Michael Smith
Michael Smith
(620) 341-5566
About Michael:
I’m Michael Smith, and I am passionate about connecting my teaching to politics in the “real world.” I teach classes on state and local politics, campaigns and elections, political philosophy, legislative politics, and nonprofit management. If you’ve taken a course from me, you know I love movies, the Socratic method, and coffee. My core insight is that politics affects everyday life. My core passion is rational thought. We must choose to act in our public lives, or choices will be made for us. I choose and act, and I want my students to do the same.
My newest book, State Voting Laws in America: Historical Statutes and Their Modern Implications (Palgrave Pivot, 2014) is co-authored with two of my best friends: Chapman Rackaway of the University of West Georgia and Kevin Anderson of Eastern Illinois University. In the book, we find that proof-of-citizenship laws, championed by Kansas Secretary of State Kris Kobach, do in fact lower voter turnout, particularly in poorer counties. I also published an article with former U.S. Senator Bob Graham during Summer, 2014 in PS: Political Science and Politics. In that article, Sen. Graham and I describe the teaching of Graham's civic engagement curriculum in my classes at Emporia State. I used to teach this in PO 100 and now teach it in PO 322. I have seen students accomplish some remarkable and moving things in their communities, making them safer and move livable while ensuring that local governments are responsive to citizens' concerns. The article details some of these stories.
I write regularly for the Insight Kansas group, publishing my monthly columns in the Wichita Eagle and other newspapers around the state and appearing several times per year on KTWU's I've Got Issues to analyze Kansas politics.

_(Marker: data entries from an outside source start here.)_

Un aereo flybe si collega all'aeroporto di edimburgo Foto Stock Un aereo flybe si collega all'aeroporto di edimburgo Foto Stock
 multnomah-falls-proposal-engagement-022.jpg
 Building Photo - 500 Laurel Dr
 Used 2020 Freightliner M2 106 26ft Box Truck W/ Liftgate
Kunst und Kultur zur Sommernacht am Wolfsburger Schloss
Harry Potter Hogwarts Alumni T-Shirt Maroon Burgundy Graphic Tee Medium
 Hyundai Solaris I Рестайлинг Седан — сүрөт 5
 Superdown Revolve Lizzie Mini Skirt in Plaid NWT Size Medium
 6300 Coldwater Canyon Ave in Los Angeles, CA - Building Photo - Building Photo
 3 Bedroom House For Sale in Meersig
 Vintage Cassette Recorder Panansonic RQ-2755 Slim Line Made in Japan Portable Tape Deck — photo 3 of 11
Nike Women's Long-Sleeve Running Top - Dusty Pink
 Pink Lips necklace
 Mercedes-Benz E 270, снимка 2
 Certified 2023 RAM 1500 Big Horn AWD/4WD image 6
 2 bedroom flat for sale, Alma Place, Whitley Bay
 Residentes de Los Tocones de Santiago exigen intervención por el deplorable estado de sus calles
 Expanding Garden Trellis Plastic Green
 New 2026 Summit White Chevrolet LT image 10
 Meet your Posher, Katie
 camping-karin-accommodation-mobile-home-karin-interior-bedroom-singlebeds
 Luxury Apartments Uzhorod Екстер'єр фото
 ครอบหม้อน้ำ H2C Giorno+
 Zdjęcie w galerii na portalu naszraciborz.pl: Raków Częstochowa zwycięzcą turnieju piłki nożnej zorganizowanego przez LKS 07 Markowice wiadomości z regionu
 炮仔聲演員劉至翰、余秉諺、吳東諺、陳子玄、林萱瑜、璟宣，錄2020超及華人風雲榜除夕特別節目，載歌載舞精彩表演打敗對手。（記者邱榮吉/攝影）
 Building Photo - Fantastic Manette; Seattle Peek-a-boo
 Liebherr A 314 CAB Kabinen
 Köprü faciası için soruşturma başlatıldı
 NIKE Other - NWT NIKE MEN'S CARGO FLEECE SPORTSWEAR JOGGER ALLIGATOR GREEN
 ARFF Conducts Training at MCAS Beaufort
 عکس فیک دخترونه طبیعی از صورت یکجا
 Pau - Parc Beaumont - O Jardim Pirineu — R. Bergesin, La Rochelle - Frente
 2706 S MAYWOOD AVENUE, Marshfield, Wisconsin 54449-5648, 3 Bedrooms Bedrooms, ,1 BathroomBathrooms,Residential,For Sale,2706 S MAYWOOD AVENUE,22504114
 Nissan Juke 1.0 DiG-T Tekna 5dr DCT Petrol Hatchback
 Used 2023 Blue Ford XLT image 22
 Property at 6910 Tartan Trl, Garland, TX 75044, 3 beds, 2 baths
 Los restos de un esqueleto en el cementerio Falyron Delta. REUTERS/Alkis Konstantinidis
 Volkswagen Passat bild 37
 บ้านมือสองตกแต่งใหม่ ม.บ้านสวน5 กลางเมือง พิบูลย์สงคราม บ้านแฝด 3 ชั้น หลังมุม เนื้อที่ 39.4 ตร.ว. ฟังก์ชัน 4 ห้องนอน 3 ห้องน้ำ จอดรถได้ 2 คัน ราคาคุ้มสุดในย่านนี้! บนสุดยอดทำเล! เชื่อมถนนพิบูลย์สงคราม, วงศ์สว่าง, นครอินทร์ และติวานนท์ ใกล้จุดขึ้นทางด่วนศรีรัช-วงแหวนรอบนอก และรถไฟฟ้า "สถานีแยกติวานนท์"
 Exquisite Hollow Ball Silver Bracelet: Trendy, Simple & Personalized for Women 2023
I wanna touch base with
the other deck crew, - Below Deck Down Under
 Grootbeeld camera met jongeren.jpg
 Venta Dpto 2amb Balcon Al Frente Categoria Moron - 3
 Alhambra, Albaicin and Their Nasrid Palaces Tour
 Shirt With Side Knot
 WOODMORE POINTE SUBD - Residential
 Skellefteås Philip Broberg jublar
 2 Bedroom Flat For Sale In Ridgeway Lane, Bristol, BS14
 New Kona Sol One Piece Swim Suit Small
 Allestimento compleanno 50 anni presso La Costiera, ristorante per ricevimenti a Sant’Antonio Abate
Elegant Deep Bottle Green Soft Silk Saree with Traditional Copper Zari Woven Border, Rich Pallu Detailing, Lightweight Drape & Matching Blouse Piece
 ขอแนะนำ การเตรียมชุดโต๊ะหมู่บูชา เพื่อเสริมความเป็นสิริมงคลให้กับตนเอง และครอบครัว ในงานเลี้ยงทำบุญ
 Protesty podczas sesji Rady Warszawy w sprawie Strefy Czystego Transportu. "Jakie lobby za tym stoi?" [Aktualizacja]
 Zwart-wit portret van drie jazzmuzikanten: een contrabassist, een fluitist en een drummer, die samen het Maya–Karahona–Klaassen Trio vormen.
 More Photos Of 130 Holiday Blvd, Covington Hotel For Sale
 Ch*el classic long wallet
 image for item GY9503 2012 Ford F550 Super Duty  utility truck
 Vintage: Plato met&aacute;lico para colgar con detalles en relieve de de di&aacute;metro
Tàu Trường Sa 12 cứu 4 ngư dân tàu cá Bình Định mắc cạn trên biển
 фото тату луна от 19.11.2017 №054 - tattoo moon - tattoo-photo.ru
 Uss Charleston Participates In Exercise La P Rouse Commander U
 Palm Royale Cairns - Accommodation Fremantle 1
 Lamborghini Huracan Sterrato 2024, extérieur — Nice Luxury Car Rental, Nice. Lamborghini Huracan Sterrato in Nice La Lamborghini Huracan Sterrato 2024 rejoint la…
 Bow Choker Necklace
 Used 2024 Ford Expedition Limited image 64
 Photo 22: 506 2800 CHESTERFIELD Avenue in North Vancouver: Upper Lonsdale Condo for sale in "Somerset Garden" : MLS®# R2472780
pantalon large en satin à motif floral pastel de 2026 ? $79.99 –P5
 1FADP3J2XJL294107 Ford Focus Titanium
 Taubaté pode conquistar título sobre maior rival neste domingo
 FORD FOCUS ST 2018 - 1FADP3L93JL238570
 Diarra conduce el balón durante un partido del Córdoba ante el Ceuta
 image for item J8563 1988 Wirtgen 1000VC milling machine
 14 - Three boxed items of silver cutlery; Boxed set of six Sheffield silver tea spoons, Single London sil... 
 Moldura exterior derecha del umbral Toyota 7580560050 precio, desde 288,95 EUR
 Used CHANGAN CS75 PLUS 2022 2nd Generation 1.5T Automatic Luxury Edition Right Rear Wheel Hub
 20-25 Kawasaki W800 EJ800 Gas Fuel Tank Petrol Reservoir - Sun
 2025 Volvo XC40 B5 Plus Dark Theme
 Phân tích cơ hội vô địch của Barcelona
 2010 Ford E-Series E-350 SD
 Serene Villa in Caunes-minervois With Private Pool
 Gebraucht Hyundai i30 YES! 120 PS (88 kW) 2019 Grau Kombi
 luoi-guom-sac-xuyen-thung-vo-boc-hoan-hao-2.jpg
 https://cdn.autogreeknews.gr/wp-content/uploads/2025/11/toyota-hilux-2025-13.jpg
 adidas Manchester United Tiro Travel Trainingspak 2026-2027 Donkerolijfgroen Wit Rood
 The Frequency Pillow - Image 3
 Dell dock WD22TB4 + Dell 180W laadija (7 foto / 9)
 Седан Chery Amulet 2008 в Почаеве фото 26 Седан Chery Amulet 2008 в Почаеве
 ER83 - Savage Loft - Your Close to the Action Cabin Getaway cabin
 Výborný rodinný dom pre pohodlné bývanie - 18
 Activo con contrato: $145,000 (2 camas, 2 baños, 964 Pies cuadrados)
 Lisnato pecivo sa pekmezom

I have leadership training from both the Kansas Leadership Center and the Gamaliel Foundation. I have also worked on several polticalcampaigns, including a come-from-behind victory when Dr. Charles Wheeler, former Kansas City mayor, won a Missouri Senate seat in 2002. This story is chronicled in my chapter "V is for Values" in the book Inside Campaigns, edited by James Bowers and published by Lynne Rienner Press.